ATM protein was measured in LCLs from six patients: three were homozygous (AT214LA, AT248LA, AT233LA) (Fig. 2A; lanes 2, 3 and 4) and three were heterozygous (AT215LA, AT216LA, AT247LA) (Fig. 2A; lanes 5, 6 and 7). All nuclear extracts showed trace amounts of ATM, except for AT242LA (Fig. 2A; lane 8), which had two unrelated (i.e., not 6200C>A) nonsense mutations and showed no ATM protein. The wt (wild type) cell line (Fig. 2A; lane 1) was used as the normal control for ATM protein level. From previous experience (Chun et al. 2003), ATM levels from nuclear lysates of A-T cell lines typically show less than 15% of wild-type cell levels, unless a missense mutation is present (~10% of conventional A-T patients), in which case the ATM level is sometimes higher (Stankovic et al. 1998); but with variable kinase activity; the colony survival level is typically in the radiosensitive range for A-T patients (Sun et al. 2002).

image

Figure 2. (A) Western blots showed small amounts of ATM protein in homozygous (lanes 2–4) and heterozygous (lanes 5–7) patients in contrast to the absence of protein in a typical A-T patient like AT242LA with two nonsense mutations (lane 8). Nuclear extracts were isolated from LCLs. P84 was used as a loading control.

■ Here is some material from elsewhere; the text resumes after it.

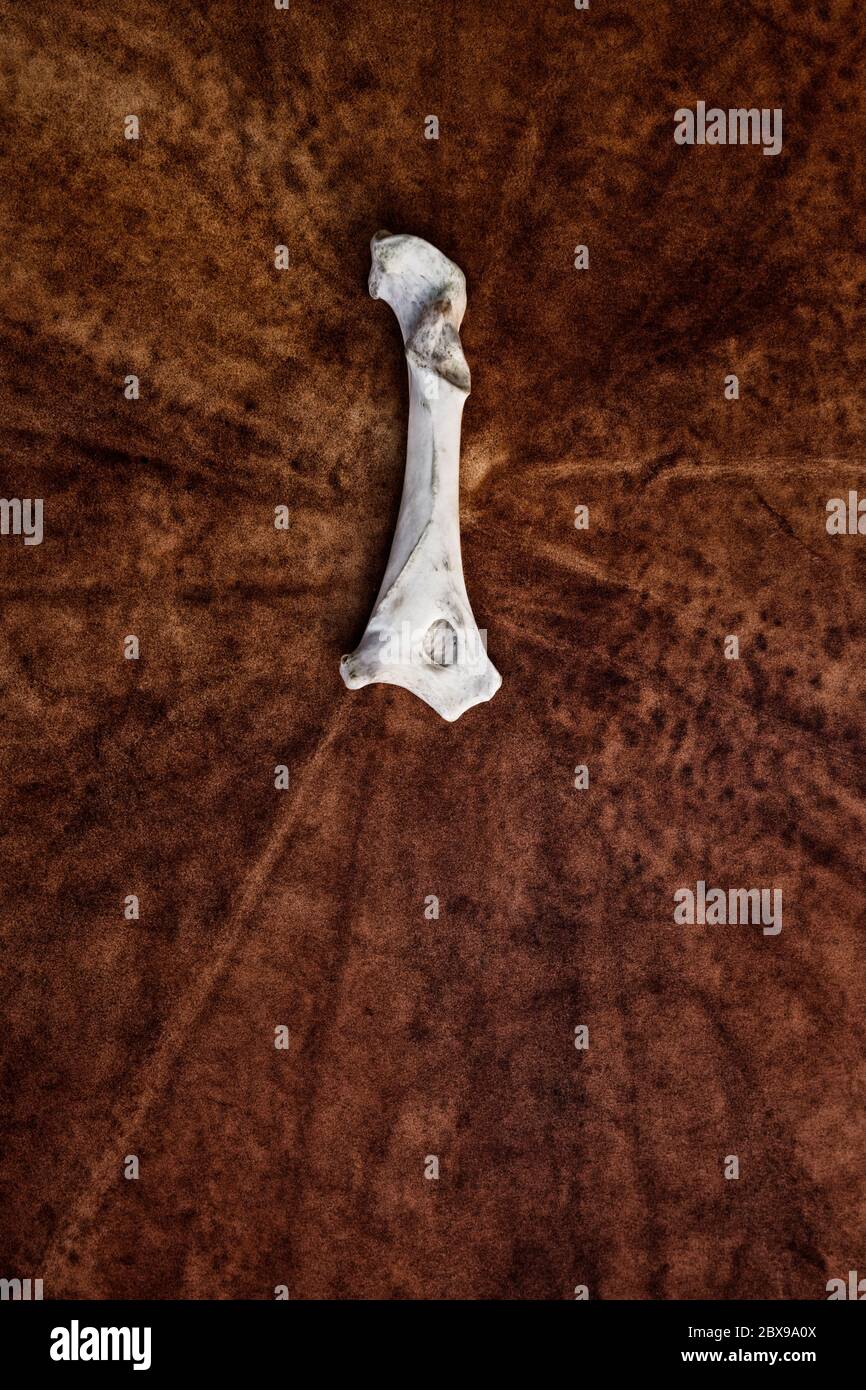 Rentierknochen auf Schamanentrommel Oberfläche Stockfoto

Cells from patients homozygous for the c.6200C>A mutation are underlined. Quantification of ATM protein was done with Quantity One (Biorad) (bottom row). (B) ATM kinase activity and phosphorylation of the downstream target proteins. Cell extracts were prepared 45 min after 10 Gy irradiation. ATMpSer1981 was used to detect autophosphorylation of ATM protein. Native SMC1, KAP1 and p84 were used as loading controls.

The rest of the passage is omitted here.